Not only is leaking classified information against the law but, as the law contends, so too is publishing those details.
Publication of classified material is treated as if it were a pilfered watch or laptop, regardless of the public interest in its exposure.
So it is with the dossier of defence secrets at the heart of an investigation into ABC journalists Dan Oakes and Sam Clark, one of whom — Mr Oakes — faces the prospect of criminal prosecution.
If — and it is still an if — the Commonwealth Director of Public Prosecutions (CDPP) wants to pursue Mr Oakes in a criminal court, Attorney-General Christian Porter will have to decide whether the charges should be laid.
While the Government claims this extra level of scrutiny better protects journalists, it raises the question as to whether the fate of the free press should lie in a politician's pen.
Publishing prompts police probe
In 2017, the ABC published a series of stories, now known as The Afghan Files, detailing serious allegations of misconduct by Australian special forces in Afghanistan.
The story was based on leaked, classified information, prompting the Defence Department to call in the Australian Federal Police (AFP) to investigate the source.
Those stories are still online. The ABC maintains the accuracy of the reporting has never been challenged.
The police inquiry ran alongside a second AFP probe into a leak to News Corp journalist Annika Smethurst, on a separate story also based on classified information.
The two investigations reached fever pitch when officers raided Ms Smethurst's Canberra home, and the ABC's Sydney headquarters on consecutive days in June 2019 — spurring global headlines and accusations Australia was becoming a police state, where press freedom was under serious attack.
Signing on the dotted line
In the months after the raids, the nation's chief law officer stepped into the fray.
Christian Porter, a former state prosecutor in his home patch of Western Australia, issued a practice direction requiring Commonwealth lawyers to get his approval before launching any prosecutions.
It was a move made without concession from the Federal Government that the dial had swung too far in favour of national security over the public's right to know on issues the establishment wanted kept under wraps. The Coalition had commissioned Federal Parliament's powerful Intelligence and Security Committee to investigate that matter.
Mr Porter's decision was welcomed by some, who viewed it as a roadblock to reporters being forced to sit in the dock. There's little appetite in government ranks for journalists being pursued in the criminal courts.
But the Attorney-General's direction to Commonwealth lawyers was also seen as effective acknowledgment that the national security framework was too strict — or at the very least, journalists were not intended targets.
The move made some uneasy.
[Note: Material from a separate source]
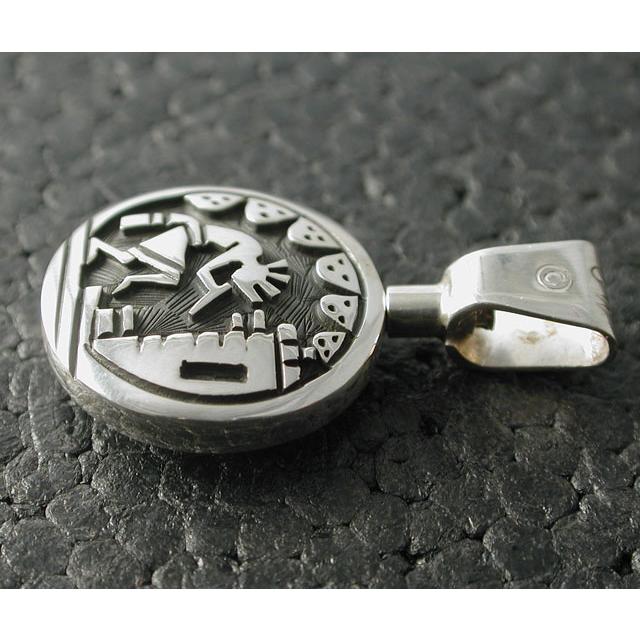 ホピシルバージュエリー インディアンジュエリー・ホピ ペンダント ネックレス HOPI PENDANT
Critics, including the media union, argue an elected politician now holds all the cards.
It's an argument, at its most extreme, that suggests a government wouldn't be keen to drop a prosecution of a particularly troublesome journalist.
A matter of process
The Attorney-General has a number of oversight roles built into legislation — a lot of which deal with national security, terrorism and serious Commonwealth criminal offences.
For example, Mr Porter would have signed the warrants ASIO needed to search the home of New South Wales state Labor MP Shaoquett Moselmane.
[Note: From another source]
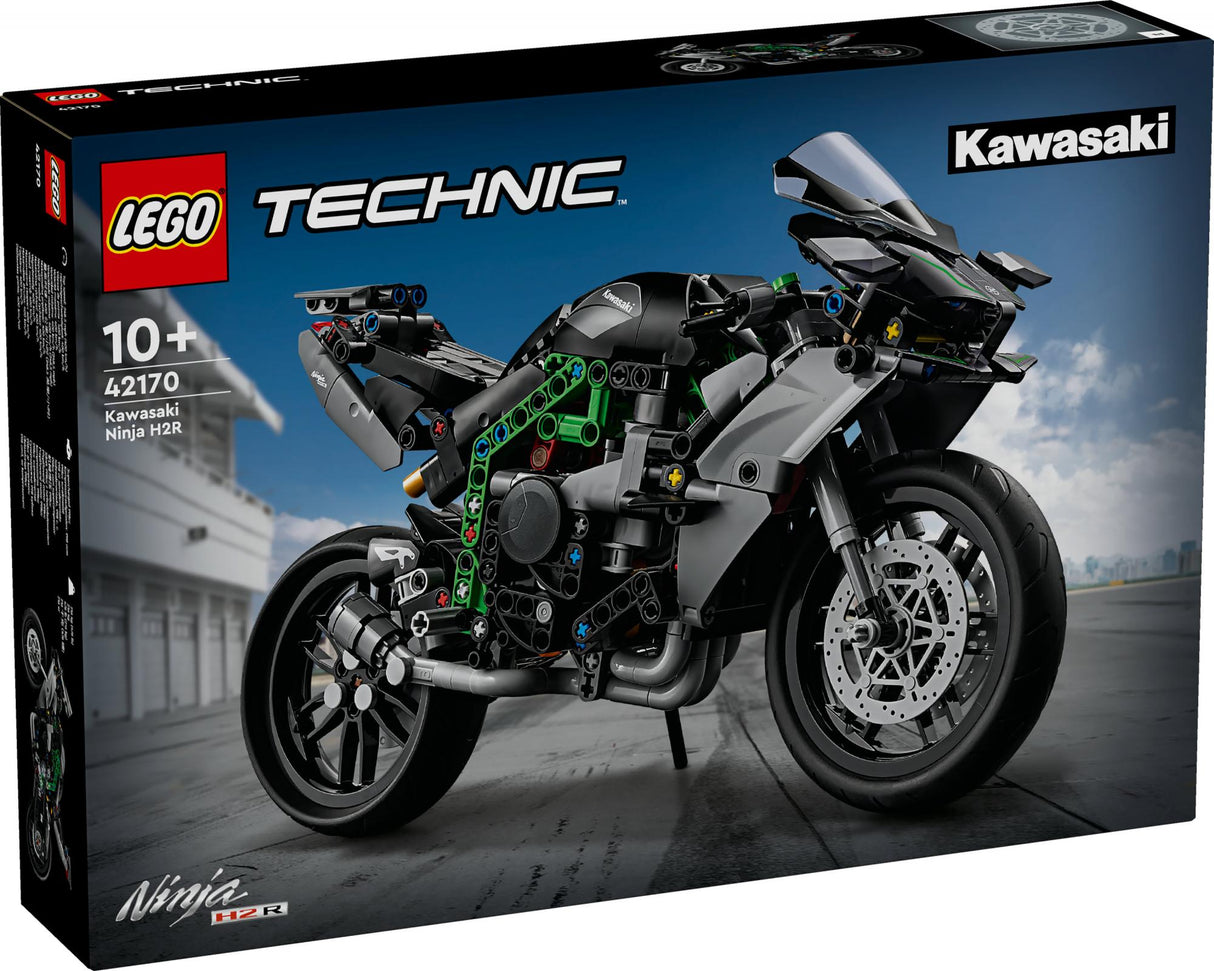 LEGO 42170 Technic Kawasaki Ninja H2R Motorcycle LEGO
Mr Porter approved the prosecution of senior Canberra lawyer Bernard Collaery and former spy Witness K, something his predecessor George Brandis was not prepared to do.
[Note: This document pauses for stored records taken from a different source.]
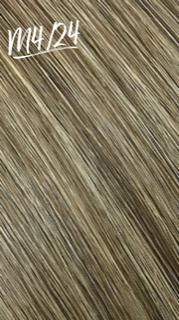 Luxury Machine Weft Hair Extensions M4/24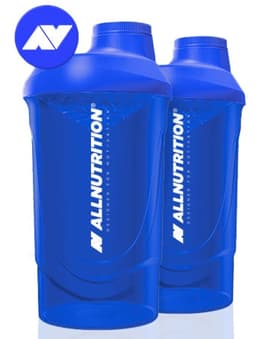 Allnutrition - Shaker, Shocking Blue - 600ml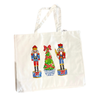 Jane Marie Festive Nutcracker Large Tote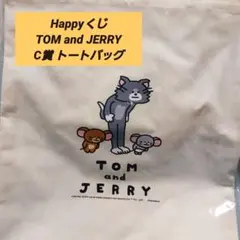 Happy くじ TOM and JERRY C賞 トートバッグ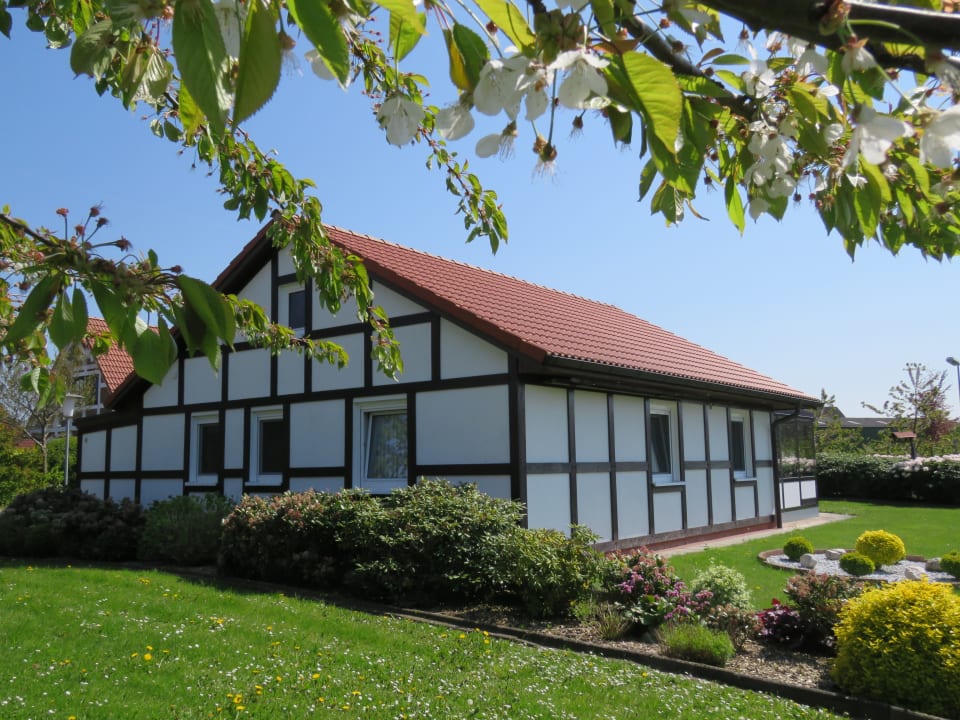 Außenansicht Feriendorf Altes Land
Ironically, the rubber stamp of the Attorney-General's office will also get a workout if charges of war crimes are levelled against special forces officers who served in Afghanistan — the very matter Mr Oakes reported on in 2017.
In a statement, a spokesman for Mr Porter said his "strong disinclination" to prosecute journalists was on the public record and he would not pre-empt the decision he would make if the matter was put before him.
The argument is over what constitutes criminality and whether journalists, by publishing stories, meet that threshold.
It's a debate that's raged for more than 650 days, and one likely to continue for many more months to come.